How to Estimate Moving Costs. Moving all your worldly possessions from Point A to Point B is often more costly than you originally think. Here's how to estimate those costs more accurately.
Ask a representative of your chosen moving company to give you an estimate if you are using a moving company. Note what this estimate does or does not include.
Estimate the size of truck or trailer you will need if you are moving yourself. Make a list of any extra equipment you'll need: dollies, furniture pads, tow bars, rental cars and packing materials. Call a truck rental company and ask for prices.
Add in the cost of labor to help you pack and load if you don't do it yourself.
Include the costs of moving your family members by air, train, bus or car.

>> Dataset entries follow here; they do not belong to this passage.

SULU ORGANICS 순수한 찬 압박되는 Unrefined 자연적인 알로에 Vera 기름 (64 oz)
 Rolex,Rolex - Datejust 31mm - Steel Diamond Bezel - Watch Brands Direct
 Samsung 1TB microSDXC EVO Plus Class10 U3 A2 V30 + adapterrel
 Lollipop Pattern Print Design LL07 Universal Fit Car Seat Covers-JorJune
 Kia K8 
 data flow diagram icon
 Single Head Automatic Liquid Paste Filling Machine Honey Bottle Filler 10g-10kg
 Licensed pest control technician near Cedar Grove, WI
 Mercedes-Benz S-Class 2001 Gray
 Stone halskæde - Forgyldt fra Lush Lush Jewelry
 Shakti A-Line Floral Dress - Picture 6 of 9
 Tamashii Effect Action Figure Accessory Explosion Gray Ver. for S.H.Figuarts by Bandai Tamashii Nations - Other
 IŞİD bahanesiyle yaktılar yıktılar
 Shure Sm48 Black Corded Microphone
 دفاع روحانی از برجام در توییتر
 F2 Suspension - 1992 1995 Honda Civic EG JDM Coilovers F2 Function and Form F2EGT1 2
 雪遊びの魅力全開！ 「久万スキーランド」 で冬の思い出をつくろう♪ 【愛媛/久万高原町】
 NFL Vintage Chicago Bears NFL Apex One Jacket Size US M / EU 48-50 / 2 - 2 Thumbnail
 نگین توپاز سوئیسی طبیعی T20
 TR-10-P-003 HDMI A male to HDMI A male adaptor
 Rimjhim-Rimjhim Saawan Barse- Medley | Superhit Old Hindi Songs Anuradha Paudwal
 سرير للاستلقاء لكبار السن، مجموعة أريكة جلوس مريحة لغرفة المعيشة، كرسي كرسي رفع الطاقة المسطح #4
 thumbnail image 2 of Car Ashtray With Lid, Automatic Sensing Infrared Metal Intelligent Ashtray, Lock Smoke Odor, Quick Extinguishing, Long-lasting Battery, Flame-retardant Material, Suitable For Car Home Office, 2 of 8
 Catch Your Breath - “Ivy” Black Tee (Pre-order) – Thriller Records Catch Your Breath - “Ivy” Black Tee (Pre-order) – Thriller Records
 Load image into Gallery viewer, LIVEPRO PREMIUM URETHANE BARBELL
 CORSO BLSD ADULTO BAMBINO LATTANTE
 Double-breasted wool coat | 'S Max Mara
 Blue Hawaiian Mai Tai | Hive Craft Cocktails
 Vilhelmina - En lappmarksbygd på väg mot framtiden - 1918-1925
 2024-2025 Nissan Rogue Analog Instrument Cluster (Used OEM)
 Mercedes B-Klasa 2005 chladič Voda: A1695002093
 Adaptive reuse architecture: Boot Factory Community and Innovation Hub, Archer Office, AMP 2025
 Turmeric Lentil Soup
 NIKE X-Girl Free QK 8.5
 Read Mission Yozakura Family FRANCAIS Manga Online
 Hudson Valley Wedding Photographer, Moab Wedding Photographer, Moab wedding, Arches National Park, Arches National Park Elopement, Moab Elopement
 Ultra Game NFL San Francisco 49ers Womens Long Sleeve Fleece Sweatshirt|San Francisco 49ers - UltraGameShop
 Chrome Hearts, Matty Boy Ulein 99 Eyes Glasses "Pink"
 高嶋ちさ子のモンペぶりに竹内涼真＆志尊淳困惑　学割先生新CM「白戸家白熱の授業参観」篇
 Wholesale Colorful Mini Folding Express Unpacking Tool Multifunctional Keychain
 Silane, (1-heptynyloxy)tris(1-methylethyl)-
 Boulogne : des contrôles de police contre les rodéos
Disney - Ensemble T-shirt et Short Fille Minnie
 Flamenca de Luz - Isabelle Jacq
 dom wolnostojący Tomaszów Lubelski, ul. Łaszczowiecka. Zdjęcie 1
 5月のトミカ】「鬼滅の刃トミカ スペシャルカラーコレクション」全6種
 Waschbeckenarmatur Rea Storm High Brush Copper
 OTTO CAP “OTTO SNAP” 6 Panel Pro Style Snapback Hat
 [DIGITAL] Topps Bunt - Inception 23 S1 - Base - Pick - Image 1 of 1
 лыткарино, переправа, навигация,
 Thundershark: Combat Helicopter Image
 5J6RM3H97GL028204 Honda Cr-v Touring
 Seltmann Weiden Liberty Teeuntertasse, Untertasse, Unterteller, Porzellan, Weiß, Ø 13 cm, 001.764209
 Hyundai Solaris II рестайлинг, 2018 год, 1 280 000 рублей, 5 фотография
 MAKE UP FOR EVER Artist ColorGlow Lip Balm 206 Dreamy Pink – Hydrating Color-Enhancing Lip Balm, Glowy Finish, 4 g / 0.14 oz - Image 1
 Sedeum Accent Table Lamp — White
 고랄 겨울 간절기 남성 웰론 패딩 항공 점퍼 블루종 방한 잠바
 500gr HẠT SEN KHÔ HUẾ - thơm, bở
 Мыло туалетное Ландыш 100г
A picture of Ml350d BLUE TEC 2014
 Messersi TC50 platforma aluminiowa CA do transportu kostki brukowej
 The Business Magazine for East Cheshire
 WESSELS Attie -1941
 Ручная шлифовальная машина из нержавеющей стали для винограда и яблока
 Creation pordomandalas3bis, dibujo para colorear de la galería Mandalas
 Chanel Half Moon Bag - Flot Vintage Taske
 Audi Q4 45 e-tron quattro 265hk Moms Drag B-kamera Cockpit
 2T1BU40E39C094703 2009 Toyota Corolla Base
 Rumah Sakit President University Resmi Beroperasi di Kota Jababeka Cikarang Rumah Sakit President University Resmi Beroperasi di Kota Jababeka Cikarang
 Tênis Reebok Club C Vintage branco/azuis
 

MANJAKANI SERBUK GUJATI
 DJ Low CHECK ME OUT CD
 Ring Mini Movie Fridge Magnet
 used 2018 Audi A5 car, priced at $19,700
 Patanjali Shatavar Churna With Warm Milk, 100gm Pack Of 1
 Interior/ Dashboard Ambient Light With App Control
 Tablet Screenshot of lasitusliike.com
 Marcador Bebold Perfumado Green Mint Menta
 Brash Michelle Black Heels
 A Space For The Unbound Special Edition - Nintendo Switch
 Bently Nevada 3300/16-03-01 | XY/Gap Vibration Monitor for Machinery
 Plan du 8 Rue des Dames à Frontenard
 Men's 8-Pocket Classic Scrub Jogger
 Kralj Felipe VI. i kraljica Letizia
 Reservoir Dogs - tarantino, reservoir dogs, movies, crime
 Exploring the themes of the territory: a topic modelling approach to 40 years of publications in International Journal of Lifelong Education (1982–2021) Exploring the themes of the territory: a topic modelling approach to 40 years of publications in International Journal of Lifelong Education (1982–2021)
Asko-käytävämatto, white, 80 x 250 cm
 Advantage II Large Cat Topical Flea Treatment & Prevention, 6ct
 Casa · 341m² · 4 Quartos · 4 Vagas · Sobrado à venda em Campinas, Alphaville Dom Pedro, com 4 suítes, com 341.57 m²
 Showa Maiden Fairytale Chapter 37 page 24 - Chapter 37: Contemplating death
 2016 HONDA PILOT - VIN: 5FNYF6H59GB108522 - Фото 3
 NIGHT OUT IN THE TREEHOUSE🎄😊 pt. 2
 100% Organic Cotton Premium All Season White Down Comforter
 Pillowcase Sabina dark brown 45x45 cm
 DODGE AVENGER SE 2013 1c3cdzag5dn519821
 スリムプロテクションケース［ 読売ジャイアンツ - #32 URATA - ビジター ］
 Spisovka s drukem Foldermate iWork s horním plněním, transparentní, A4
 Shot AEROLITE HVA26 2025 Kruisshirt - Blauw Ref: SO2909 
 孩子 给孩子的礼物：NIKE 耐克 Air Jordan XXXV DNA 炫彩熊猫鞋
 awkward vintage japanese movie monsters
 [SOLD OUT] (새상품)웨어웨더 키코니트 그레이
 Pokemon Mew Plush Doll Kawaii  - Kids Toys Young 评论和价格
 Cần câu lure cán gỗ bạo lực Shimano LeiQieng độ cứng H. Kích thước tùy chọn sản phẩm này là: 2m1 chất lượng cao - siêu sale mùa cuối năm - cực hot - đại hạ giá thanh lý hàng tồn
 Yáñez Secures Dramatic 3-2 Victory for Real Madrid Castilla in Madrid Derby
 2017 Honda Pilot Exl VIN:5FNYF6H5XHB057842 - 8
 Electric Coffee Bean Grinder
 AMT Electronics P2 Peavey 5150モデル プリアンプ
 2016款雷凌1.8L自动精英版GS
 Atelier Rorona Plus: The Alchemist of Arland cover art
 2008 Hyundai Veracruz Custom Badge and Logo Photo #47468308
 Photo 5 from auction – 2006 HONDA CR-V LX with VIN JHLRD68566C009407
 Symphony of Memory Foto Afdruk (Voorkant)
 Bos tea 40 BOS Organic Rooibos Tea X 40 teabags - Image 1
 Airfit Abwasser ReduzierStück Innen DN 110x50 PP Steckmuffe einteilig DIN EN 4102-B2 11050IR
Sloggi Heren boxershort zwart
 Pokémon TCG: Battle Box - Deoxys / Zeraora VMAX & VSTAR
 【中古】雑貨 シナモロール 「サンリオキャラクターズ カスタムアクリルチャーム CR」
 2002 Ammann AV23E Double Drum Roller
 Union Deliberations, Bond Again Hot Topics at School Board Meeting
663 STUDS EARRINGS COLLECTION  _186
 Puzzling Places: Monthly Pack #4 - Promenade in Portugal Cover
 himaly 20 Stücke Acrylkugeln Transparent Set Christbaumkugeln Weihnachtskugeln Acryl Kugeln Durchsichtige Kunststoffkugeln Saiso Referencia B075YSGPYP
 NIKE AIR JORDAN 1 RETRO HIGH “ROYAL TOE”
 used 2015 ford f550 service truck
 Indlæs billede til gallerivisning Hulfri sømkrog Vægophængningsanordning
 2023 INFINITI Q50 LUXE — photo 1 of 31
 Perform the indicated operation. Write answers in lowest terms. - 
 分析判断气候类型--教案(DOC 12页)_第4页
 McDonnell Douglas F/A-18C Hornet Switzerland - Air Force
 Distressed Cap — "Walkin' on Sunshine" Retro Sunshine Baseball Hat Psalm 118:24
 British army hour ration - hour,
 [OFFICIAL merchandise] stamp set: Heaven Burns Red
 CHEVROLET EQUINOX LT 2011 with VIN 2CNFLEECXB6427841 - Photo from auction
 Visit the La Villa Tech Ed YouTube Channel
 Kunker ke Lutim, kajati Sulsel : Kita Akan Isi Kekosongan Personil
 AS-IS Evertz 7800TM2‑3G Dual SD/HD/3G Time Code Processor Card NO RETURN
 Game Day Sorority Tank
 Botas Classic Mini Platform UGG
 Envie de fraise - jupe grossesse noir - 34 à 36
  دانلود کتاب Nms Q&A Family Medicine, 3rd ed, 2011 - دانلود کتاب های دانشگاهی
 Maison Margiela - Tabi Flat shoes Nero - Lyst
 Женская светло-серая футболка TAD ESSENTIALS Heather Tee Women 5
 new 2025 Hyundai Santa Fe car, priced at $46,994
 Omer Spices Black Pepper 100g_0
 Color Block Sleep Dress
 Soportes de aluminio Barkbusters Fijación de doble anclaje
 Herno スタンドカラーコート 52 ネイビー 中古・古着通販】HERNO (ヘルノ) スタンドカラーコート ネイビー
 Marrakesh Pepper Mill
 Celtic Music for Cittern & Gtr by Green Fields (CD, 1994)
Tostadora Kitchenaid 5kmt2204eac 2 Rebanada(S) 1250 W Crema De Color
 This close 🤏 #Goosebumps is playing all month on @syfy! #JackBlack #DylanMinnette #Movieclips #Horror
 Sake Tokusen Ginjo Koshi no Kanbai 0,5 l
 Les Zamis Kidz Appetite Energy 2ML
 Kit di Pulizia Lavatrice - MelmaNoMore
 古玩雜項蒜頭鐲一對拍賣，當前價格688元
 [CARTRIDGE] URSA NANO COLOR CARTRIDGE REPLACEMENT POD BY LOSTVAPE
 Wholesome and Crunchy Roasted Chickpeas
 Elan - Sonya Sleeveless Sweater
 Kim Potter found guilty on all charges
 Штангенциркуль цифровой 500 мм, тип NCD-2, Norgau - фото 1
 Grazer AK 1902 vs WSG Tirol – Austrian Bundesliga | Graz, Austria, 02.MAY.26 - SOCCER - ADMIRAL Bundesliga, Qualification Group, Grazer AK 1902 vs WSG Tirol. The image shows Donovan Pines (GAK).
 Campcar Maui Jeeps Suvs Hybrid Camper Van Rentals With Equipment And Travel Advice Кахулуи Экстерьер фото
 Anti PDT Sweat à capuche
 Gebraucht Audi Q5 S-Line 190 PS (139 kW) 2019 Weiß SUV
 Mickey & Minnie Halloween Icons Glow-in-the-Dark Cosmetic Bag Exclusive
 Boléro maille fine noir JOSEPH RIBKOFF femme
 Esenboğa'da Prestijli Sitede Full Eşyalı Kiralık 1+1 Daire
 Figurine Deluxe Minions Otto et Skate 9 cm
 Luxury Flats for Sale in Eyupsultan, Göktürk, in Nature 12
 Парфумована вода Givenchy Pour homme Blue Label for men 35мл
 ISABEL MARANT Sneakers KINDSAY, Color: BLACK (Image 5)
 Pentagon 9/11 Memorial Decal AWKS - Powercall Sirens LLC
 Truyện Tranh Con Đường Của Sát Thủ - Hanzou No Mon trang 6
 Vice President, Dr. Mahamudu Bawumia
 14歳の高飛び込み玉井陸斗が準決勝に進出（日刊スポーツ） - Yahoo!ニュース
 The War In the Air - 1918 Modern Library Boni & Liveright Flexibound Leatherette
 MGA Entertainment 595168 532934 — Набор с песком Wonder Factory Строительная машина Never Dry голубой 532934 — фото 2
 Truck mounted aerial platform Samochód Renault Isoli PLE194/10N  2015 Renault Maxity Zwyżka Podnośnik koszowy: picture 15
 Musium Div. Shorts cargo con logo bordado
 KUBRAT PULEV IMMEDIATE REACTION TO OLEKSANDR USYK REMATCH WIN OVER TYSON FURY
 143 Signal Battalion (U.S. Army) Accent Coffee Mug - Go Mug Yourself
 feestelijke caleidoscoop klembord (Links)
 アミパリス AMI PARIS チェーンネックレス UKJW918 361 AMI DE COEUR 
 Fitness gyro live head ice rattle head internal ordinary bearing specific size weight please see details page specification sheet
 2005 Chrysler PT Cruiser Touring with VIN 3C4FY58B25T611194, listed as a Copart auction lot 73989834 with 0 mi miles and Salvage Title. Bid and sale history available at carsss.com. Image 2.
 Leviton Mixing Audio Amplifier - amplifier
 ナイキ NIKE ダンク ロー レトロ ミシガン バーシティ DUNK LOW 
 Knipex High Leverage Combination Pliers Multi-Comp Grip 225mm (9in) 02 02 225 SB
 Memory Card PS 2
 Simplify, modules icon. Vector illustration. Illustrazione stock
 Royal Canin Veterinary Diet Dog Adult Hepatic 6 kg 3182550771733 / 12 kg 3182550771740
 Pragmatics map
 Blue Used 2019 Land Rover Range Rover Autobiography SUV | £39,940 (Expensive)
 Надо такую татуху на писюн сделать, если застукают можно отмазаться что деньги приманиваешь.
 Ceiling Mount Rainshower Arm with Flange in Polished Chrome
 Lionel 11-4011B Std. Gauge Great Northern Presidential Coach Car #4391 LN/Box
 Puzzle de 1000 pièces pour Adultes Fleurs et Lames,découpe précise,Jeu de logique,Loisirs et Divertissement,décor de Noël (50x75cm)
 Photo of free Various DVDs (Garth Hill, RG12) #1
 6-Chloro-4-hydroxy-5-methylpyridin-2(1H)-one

Remember to factor in lodging and gas costs if you will be traveling for more than a day.
Add in the cost of food for the trip, as well as entertainment costs if you plan to sightsee while you travel.
Include the cost of keeping things in temporary storage, if necessary.
Add in costs for temporary lodging (such as a corporate apartment) if your new home is not immediately available.
Add in the costs to transport pets, and delicate or special items. There may also be fees to disconnect or connect utilities, and insurance costs.
When you get an estimate from a moving company, find out whether it is a binding (final price) or nonbinding (other charges possible) estimate and exactly what services will be performed for that price. Your current or new employer may cover or help with moving costs. Ask. Truck rental companies estimate that you can save as much as 50 percent by renting and driving a truck yourself. Is the extra hassle worth it to you? If you pack everything yourself, you may save money with the movers. Ask.
If you use inferior materials/equipment in your move, broken objects may end up costing you more than the movers would have. Shop around carefully before choosing movers and equipment. Be wary of fly-by-night operations.